音楽を全力でやり、「自分って何だろう」と模索しながら4年間歌い続けて、レコード会社との契約がひと区切りついたんです。「これからどうしよう?」と思った時、ふと幼い頃、父(故・藤本敏夫氏)に連れて行ってもらった、千葉県の鴨川市にある里山を思い出し、足を運びました。
そこで、たまたま出会った男性に指導してもらいながら、一生懸命土を掘ったり雑草を抜いたり…気づいたら、きれいになった畑が目の前に広がっていて、「なんじゃこの快感は!」と感動で震えました。大地からもらうパワーに気づかされた瞬間でした。
電化製品って、電気を逃がすのにアースをつけますよね?人間もストレスや悩みなど、溜まったものを逃がすのに、土に触れることで“アーシング”ができるんだと思います。そのすっきりとするデトックス効果に魅了されて、農業を始めようと思いました。私にとって新しい“農業”という挑戦をしたら、“歌手”という肩書だけの私より、豊かな人生が送れると思ったんです。
そこから全く違うふたつの仕事を同時にしようと思ったのですか?
基本的にやってみれば何とかなると思っています。それよりも、自分自身ももう30歳か…という漠然とした不安のほうが大きかったかもしれません。

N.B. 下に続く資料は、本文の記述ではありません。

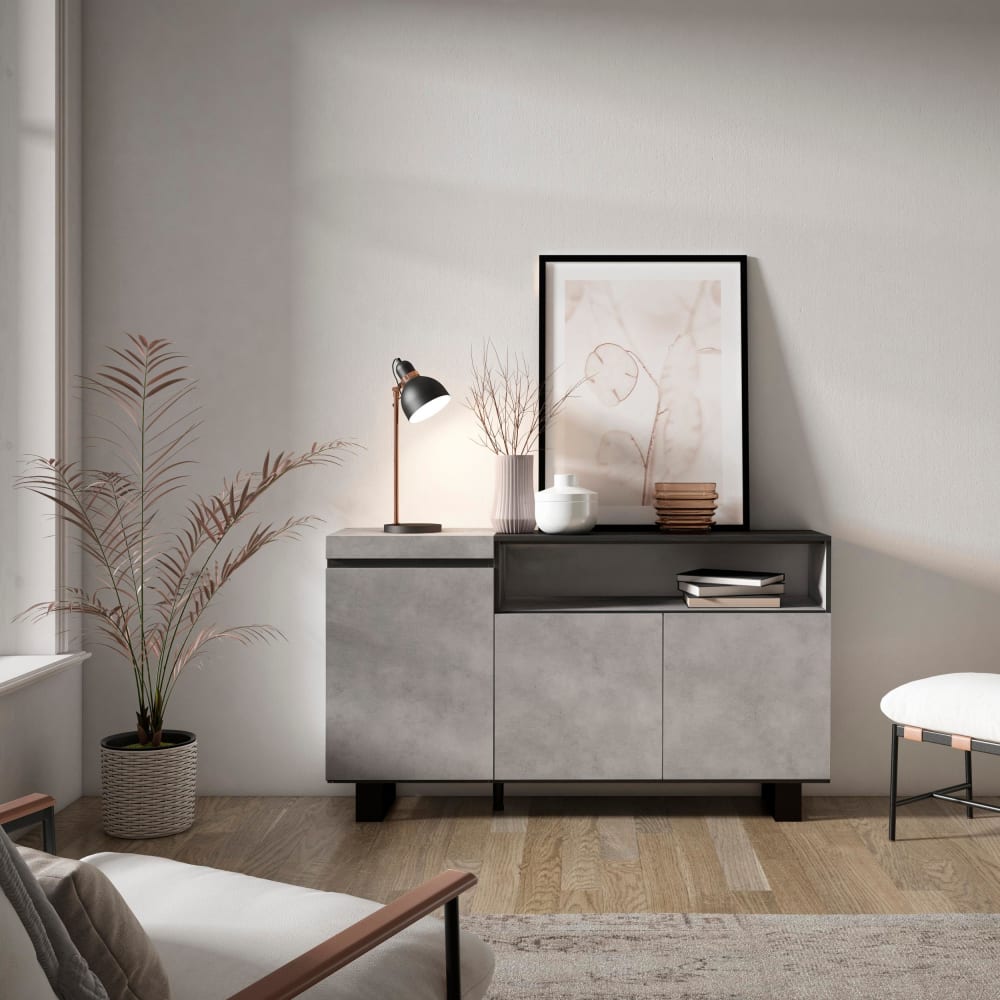 Skraut home Sideboard Holzeffekt mit Beinen 150x35x87cm Zementgrau style modern - Spanplatte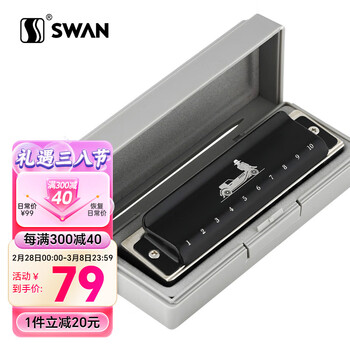 天鹅（SWAN）口琴10孔布鲁斯paddyC调口琴初学者演奏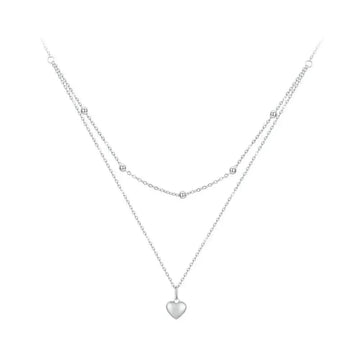 925 Sterling Silver Heart Pendant Necklace - Elegant Double Layer Choker For Women - Bsn168 - Velora Luxury Fashion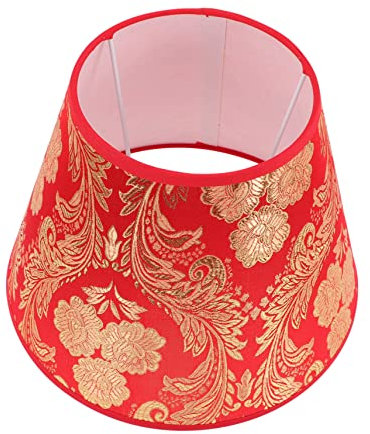 OSALADI Lampenschirm Stoff Blumen Floral Kleiner Bedruckter Lampenschirm aus Baumwolle und Leinen Rund für Tischlampe Nachttisch Wohnzimmer Dekorativer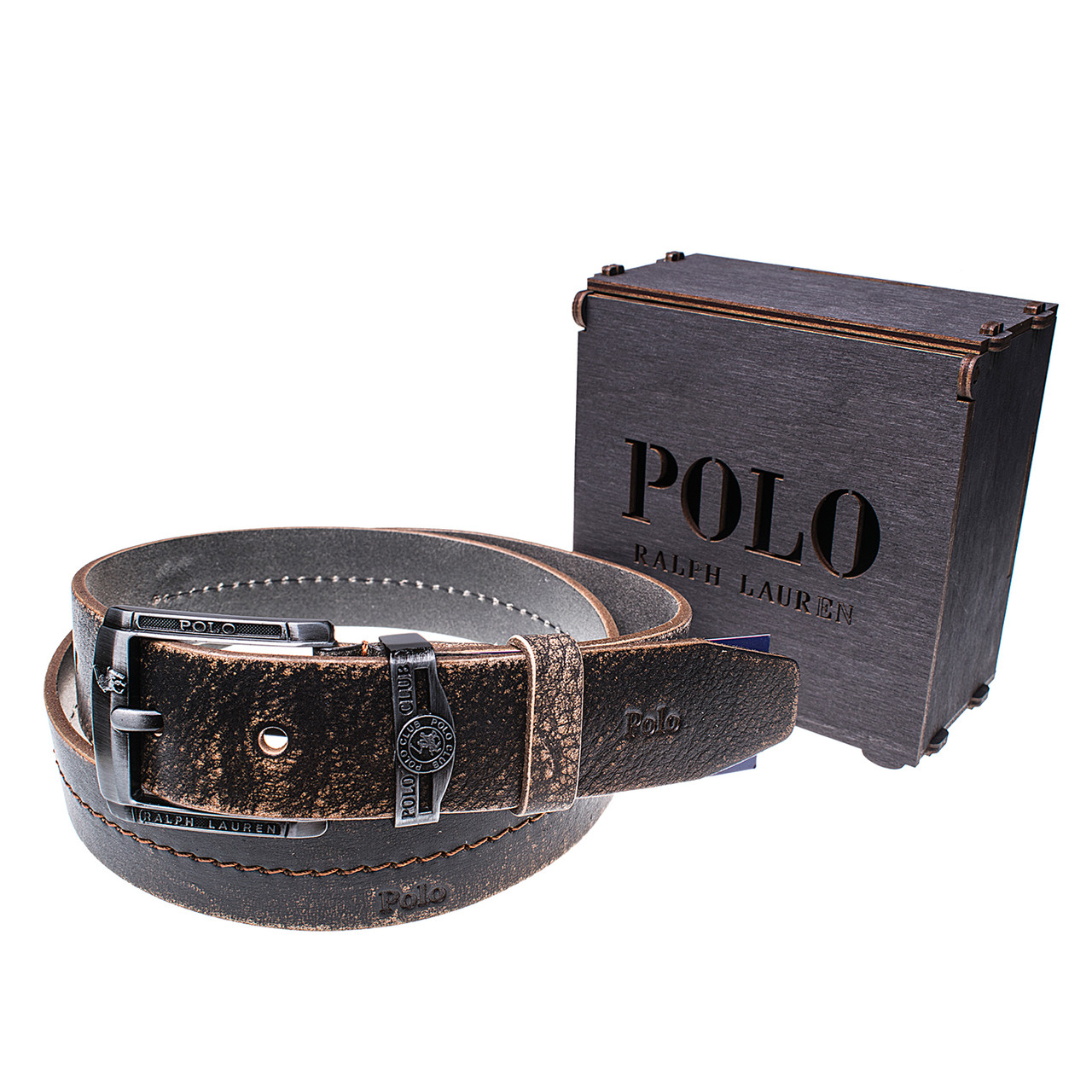 Чоловічий шкіряний ремінь Wiseo POLO Коричневий (UF55630)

農作業を終えた後、みんなで焚火を囲んでビールを飲んで、本音で話ができました。農作業のおかげで、自分がこんなに素直になれるんだということにもビックリ。農作業を教えてくれた彼といろいろと話して、「この次の人生はこの人と過ごしてもいいかもしれない」と思って。そこから自分からアプローチをして(笑)、今では無事に三人の子宝にも恵まれました。
30歳の夏、半農半歌手生活が始まってから、どのような日々を過ごしていますか?
レコーディングやラジオなどの仕事がある日は東京に行きますが、普段は鴨川で生活をしています。毎日5時半に起きて、6時半には車で子どもたちを学校に送る。7時には自分の仕掛けた罠を山に見に行きます。私、農作業だけに飽き足らず、狩猟免許まで取ったんですよ!自分にこんな野性的な一面があったんだと知って、驚いています。罠に獲物がかかっていたら、その日は即“さばくモード”に切り替わります。かかっていなかったらメールの返信などの仕事をした後に、農作業を手伝います。
基本的に農業の生活が主軸になっているんですね。楽曲制作はどんな時にされているのですか?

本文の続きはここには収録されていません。